From Rending to Mending

I wrote this poem to express the need to rage/rend before we sage/mend. The video is an attempt to visualize the poem. I was inspired by a reflection shared by Valerie Kaur during one of her People’s Inauguration segments when she especially talked about our need to express our anger/outrage/grief in such a way that we can see/hold it outside of ourselves and only then can we name it and begin to do something constructive with it.

how do I grieve
what I cannot mend — tend
I cannot help but rend
this anger
betrayal
struggle
denial
refusal
these terrorist supremacist delvers into hatred
who see you / me as stranger
implicit dangers
Rend this cloth
tear at this terror
this fear
my / your anger
shame 
sorrow upon unending sorrow
will it go on for ever tomorrows
rending this cloth
let the stitches rip their / our pain
that is my / our undoing
till there is nothing left
we are spent from the screaming
the furies that were teeming
And only a pile of scrap
pain untrapped
and our beating / breathing can slow to fuming
no longer blooming, festering, or seething
from storming to stopping
we can stop
stop the bleeding
outpouring
from frenzy to 
forming
morphing our rending 
to mending

Pick up the pieces
that which was rent
now removed
expelled
from within
to it we can now attend
Make this time  — creating space
a time of mending
stitching the pieces worth saving
we are stronger for the rending
stitched together, dearly tethered
threading and tending
to our awakened rage
our soul filled with wreckage
wrought tender
reduced to cinders
now we can see the pain
hold it there
and turn it over
pick up our tools and begin again.

Ideas for exploring/sharing this poem:

If exploring this poem within a virtual community/gathering I would consider inviting people to think about ways they do or could express their rage and grief in a way that allows for a needed release but also being in a safe container (i.e. not just lashing out at those around them when pushed to the brink).
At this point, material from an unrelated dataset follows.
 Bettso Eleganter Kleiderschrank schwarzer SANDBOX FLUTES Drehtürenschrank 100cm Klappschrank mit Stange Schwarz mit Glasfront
Do/can we dig a hole? tear something up? punch a pillow or punching bag? knead some bread dough? run until we collapse? find a safe place to scream until we have nothing left? Many criticized the expressed rage of Black Lives Matter protestors on the streets across the USA (and world) last year (and years’ past). But when your outrage and grief is not heard, has no place to safely go, what do you do with it? It must be expressed. Not just so others will hear and finally respond, but for your own physical and emotional sanity and ability to go on with the struggle, the work.